Cinsel şiddete maruz kalınca ne yapılmalıdır? Cinsel şiddete ilişkin izler genellikle geçicidir, uygulayan kişinin kimliğinin tespit edilmesi, ileride hukuki süreç başlatılacaksa gerekli yasal kanıtlara sahip olunması için bu izlerin belgelenmesi önemlidir. Bu izlerin saklanması için tedbir alınması hukuki işlem başlatılacağı anlamına gelmez, mağdur bunu daha sonra da değerlendirirebilir, ancak iz ve ipuçları daha sonra toplanamaz. Bu açıdan cinsel saldırı durumunda yıkanmayın, diş fırçalamayın, ağzınızı çalkalamayın, tuvalet ihtiyacını mümkünse muayene sonrasına erteleyin, saçınızı taramayın, kıyafetlerinizi değiştirmeyin.
Cinsel şiddet mağduru nereye başvurmalıdır? Kısa ve uzun vadeli ruhsal ve bedensel destek ve tedavi hizmetlerinin düzenlenebilmesi, gerekli hukuk işlemlerinin başlatılması için resmi kurumların yanı sıra bu alanda çalışmalar yürüten sivil toplum kuruluşlarına da başvurulabilir. Başvurulan kuruluş gerekli yönlendirmeleri yasal gereklilikler ve bireyin koşul ve talepleri doğrultusunda yapacaktır. Şiddeti uygulayanın elindeki en büyük güç, mağdurun şikayetçi olmaktan çekineceğine inancıdır. Şiddet mağdurunun gerekli işlemleri başlatması durumun yinelemesinin önlenmesi için en önemli tedbirdir.

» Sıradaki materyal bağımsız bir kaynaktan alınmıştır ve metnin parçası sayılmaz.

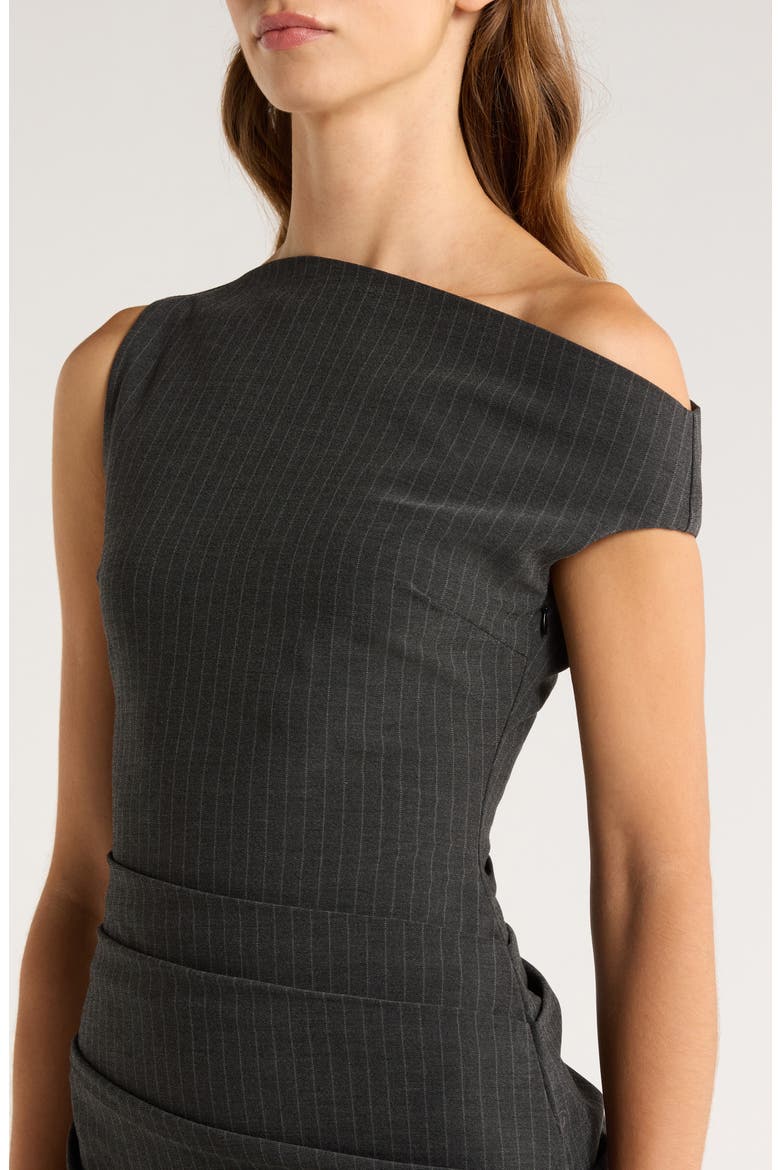 Nova Pinstripe Minidress, Alternate, color, CHARCOAL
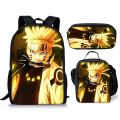Bandai Naruto School Bag Printed Lunch Bag Pencil Case Backpack Three-piece Set Gifts Backpack Lightening Zipper Shoulders. 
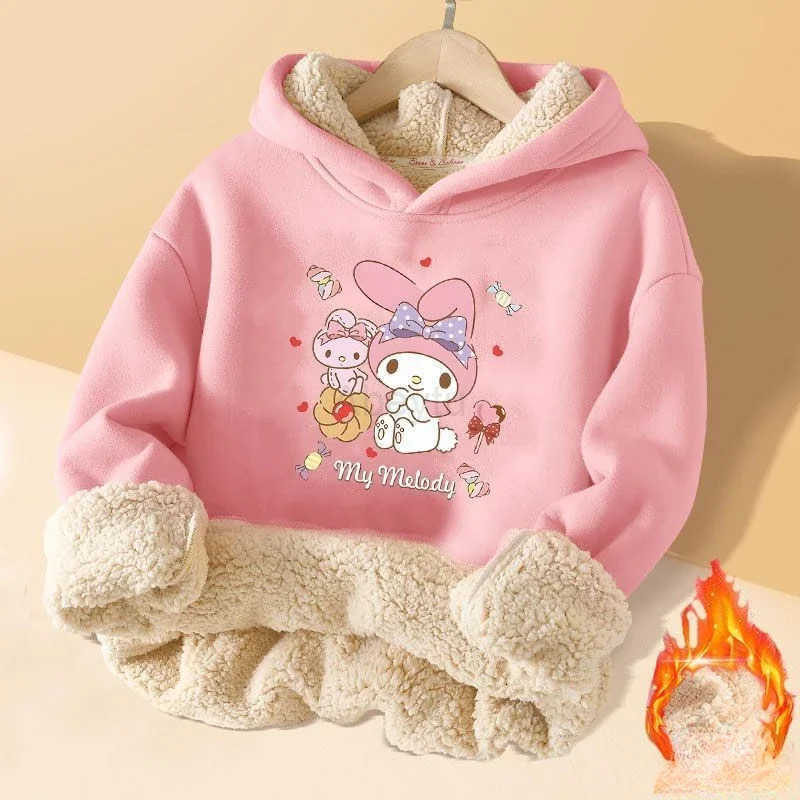 Sanrio Kuromi Plush Warm Childrens Clothing Set for Girls Thicken Fleece Lined Sweatshirt Pants 2 Pcs Suit Winter Tracksuit H251216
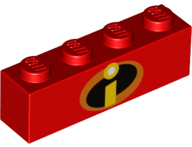 Cărămidă 4 X 1 decorată-Incredibles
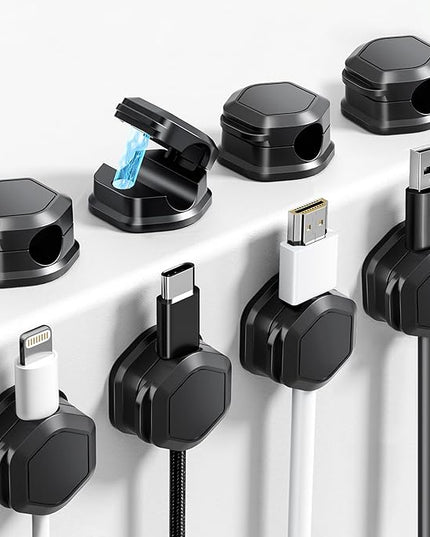 8 Pack Magnetic Cable Clips Cord Organizer-Adhesive Wire Holder, Under Desk Cord Holder Keeper for Home Office Desk Phone Car Wall Desktop Nightstand Cabinet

Başlıca başvurulabilecek yerler; devlet hastaneleri ve diğer sağlık kuruluşları, ruh sağlığı ve travma merkezleri, polis/jandarma karakolları, savcılıklar, sosyal hizmetler il ve ilçe müdürlükleri, il baroları, kadın merkezleri ve sığınma evleridir. Karakol veya savcılığa doğrudan dilekçe ile başvurulabileceği gibi, yardım istenen sağlık kuruluşunca muayene sonuçlarıyla yasal bildirim yapılması da istenebilir. Eğer hukuki süreç başlatmakla ilgili kararlı değilseniz, başvurduğunuz sağlık kuruluşunda bulguların belgelenmesini istediğinizi, bildirim için daha sonra karar vereceğinizi açıkça belirtebilirsiniz.